Task: Every entry in the data below needs to be repeated exactly.

Listed records:

▼

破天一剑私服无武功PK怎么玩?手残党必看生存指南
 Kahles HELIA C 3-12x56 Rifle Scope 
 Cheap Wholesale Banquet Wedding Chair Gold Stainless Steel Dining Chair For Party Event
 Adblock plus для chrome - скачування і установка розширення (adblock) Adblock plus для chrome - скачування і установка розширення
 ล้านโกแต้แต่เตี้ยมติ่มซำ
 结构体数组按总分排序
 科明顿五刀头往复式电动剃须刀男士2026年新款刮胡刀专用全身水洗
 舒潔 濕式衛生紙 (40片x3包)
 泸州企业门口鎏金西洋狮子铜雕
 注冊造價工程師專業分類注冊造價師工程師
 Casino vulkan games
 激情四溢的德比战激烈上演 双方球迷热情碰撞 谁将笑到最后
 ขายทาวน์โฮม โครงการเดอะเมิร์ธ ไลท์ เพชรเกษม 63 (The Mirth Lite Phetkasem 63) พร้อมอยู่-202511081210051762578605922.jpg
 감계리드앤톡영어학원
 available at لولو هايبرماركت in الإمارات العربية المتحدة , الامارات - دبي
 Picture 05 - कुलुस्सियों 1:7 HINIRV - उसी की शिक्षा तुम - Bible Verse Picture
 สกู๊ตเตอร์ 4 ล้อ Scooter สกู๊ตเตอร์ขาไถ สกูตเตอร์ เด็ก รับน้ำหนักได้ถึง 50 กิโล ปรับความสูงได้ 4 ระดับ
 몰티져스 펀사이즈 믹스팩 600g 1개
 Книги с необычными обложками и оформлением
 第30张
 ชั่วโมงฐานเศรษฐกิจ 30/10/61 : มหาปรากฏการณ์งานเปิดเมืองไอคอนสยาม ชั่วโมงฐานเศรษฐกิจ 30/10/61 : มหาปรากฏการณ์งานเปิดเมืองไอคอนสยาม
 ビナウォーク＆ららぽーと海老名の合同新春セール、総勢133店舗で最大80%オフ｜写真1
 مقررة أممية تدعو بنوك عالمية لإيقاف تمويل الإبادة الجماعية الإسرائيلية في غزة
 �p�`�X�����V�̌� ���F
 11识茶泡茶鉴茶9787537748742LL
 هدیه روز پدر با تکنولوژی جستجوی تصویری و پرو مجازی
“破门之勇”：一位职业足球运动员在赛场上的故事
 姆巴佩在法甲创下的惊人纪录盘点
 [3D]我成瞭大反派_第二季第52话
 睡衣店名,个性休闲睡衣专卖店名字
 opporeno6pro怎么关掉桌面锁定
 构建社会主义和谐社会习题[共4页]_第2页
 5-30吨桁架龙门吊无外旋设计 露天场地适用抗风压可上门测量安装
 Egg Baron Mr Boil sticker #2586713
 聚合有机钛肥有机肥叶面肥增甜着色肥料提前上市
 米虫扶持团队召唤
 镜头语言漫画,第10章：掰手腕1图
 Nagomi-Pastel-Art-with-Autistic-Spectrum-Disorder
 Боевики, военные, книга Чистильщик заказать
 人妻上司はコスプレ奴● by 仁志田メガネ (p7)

▲

Response to this task:
破天一剑私服无武功PK怎么玩?手残党必看生存指南
 Kahles HELIA C 3-12x56 Rifle Scope 
 Cheap Wholesale Banquet Wedding Chair Gold Stainless Steel Dining Chair For Party Event
 Adblock plus для chrome - скачування і установка розширення (adblock) Adblock plus для chrome - скачування і установка розширення
 ล้านโกแต้แต่เตี้ยมติ่มซำ
 结构体数组按总分排序
 科明顿五刀头往复式电动剃须刀男士2026年新款刮胡刀专用全身水洗
 舒潔 濕式衛生紙 (40片x3包)
 泸州企业门口鎏金西洋狮子铜雕
 注冊造價工程師專業分類注冊造價師工程師
 Casino vulkan games
 激情四溢的德比战激烈上演 双方球迷热情碰撞 谁将笑到最后
 ขายทาวน์โฮม โครงการเดอะเมิร์ธ ไลท์ เพชรเกษม 63 (The Mirth Lite Phetkasem 63) พร้อมอยู่-202511081210051762578605922.jpg
 감계리드앤톡영어학원
 available at لولو هايبرماركت in الإمارات العربية المتحدة , الامارات - دبي
 Picture 05 - कुलुस्सियों 1:7 HINIRV - उसी की शिक्षा तुम - Bible Verse Picture
 สกู๊ตเตอร์ 4 ล้อ Scooter สกู๊ตเตอร์ขาไถ สกูตเตอร์ เด็ก รับน้ำหนักได้ถึง 50 กิโล ปรับความสูงได้ 4 ระดับ
 몰티져스 펀사이즈 믹스팩 600g 1개
 Книги с необычными обложками и оформлением
 第30张
 ชั่วโมงฐานเศรษฐกิจ 30/10/61 : มหาปรากฏการณ์งานเปิดเมืองไอคอนสยาม ชั่วโมงฐานเศรษฐกิจ 30/10/61 : มหาปรากฏการณ์งานเปิดเมืองไอคอนสยาม
 ビナウォーク＆ららぽーと海老名の合同新春セール、総勢133店舗で最大80%オフ｜写真1
 مقررة أممية تدعو بنوك عالمية لإيقاف تمويل الإبادة الجماعية الإسرائيلية في غزة
 �p�`�X�����V�̌� ���F
 11识茶泡茶鉴茶9787537748742LL
 هدیه روز پدر با تکنولوژی جستجوی تصویری و پرو مجازی
“破门之勇”：一位职业足球运动员在赛场上的故事
 姆巴佩在法甲创下的惊人纪录盘点
 [3D]我成瞭大反派_第二季第52话
 睡衣店名,个性休闲睡衣专卖店名字
 opporeno6pro怎么关掉桌面锁定
 构建社会主义和谐社会习题[共4页]_第2页
 5-30吨桁架龙门吊无外旋设计 露天场地适用抗风压可上门测量安装
 Egg Baron Mr Boil sticker #2586713
 聚合有机钛肥有机肥叶面肥增甜着色肥料提前上市
 米虫扶持团队召唤
 镜头语言漫画,第10章：掰手腕1图
 Nagomi-Pastel-Art-with-Autistic-Spectrum-Disorder
 Боевики, военные, книга Чистильщик заказать
 人妻上司はコスプレ奴● by 仁志田メガネ (p7)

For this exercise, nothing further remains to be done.